In Baxter v. Palmigiano, 425 U.S. 308, 96 S.Ct. 1551, 47 L.Ed.2d 810 (1976), the U.S. Supreme Court addressed the constitutional concern implicated by the evidentiary use of one's assertion of the Fifth Amendment privilege in a civil matter. The Baxter Court embraced the rule that "the Fifth Amendment does not forbid adverse inferences against parties to civil actions when they refuse to testify in response to probative evidence offered against them[.]" Id. at 318, 96 S.Ct. at 1558, 47 L.Ed.2d at 821. 5

The inference discussed in Baxter is akin to the well established rule in civil proceedings that a party's failure to testify can support an inference that whatever testimony he could have given would have been unfavorable to him. See Beers v. Muth, 395 Pa. 624, 151 A.2d 465 (1959). Our case law indicates that the inference to be drawn from a party's failure to testify serves to corroborate the evidence produced by the opposing party. See Dommes v. Zuroski, 350 Pa. 206, 209, 38 A.2d 73, 75 (1944). Also, the failure to testify to facts within one's presumed knowledge permits an inference that can erase the equivocal nature of other evidence relating to a disputed fact. See Hall v. Vanderpool, 156 Pa. 152, 26 A. 1069 (1893). However, we have never suggested that a party could satisfy its burden of proof in a civil cause solely through reliance on the defendant's failure to testify.

In Ault v.
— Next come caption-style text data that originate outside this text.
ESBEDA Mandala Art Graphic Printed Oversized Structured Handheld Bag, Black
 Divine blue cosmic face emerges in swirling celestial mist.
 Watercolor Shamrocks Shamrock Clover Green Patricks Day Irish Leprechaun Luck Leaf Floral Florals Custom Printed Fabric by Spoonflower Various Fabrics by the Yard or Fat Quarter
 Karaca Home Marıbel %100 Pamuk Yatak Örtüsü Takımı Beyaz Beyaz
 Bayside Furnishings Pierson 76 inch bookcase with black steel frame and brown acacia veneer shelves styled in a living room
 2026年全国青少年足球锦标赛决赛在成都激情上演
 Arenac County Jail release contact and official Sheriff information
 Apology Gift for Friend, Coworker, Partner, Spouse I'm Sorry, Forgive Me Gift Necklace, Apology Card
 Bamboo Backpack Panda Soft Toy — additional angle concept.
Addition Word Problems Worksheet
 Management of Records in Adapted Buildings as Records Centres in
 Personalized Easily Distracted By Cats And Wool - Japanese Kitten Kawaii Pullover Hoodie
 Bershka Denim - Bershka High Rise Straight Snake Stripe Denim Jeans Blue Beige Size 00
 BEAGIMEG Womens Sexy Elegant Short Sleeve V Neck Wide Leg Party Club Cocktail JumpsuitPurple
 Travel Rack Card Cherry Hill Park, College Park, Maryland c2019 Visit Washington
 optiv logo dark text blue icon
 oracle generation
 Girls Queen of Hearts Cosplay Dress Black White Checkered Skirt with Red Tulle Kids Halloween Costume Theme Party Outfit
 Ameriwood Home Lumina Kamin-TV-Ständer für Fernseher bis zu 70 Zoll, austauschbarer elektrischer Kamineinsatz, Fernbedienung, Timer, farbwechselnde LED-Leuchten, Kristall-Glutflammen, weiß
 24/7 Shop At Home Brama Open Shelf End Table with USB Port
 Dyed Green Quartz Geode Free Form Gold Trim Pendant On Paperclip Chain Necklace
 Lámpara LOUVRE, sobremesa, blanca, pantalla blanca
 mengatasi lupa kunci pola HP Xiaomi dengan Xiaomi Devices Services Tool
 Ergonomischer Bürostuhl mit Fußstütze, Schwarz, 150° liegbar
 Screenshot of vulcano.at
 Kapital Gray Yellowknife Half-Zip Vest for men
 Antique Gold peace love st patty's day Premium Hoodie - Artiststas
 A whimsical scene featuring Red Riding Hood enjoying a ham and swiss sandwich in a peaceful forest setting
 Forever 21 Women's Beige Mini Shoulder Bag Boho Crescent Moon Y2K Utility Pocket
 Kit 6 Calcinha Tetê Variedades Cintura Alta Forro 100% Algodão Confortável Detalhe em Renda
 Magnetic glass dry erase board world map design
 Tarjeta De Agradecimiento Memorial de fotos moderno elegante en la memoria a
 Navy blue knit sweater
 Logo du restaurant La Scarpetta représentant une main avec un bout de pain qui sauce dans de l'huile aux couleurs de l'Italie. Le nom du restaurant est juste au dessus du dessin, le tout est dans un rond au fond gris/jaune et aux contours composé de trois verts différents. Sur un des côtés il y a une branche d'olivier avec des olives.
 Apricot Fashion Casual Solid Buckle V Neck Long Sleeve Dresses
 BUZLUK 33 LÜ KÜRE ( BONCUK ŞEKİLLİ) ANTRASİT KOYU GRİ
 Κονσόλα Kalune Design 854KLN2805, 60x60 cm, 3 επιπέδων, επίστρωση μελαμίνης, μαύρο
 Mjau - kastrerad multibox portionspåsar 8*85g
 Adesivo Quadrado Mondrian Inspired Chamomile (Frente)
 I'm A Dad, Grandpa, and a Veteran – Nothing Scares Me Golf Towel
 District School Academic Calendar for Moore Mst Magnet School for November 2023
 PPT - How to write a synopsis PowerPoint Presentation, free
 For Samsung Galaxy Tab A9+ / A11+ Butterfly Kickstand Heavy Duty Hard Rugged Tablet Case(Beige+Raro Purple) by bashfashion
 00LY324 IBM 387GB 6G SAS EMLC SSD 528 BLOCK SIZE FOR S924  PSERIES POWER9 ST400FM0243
Unemployment Compensation Bd. of Review, 398 Pa. 250, 157 A.2d 375 (1960), we reviewed the denial of unemployment benefits to Paul Ault, a steelworker who invoked the Fifth Amendment before the Permanent Subcommittee on Investigations of the United States Senate rather than affirm or deny a co-worker's statement that Ault had been a member of the Communist Party. The Superior Court held that the invocation of the Fifth Amendment was willful misconduct and affirmed the board of review's denial of unemployment benefits. This court held that the assertion of the Fifth Amendment was not willful misconduct and reversed the order denying benefits. Id. at 255, 157 A.2d at 379.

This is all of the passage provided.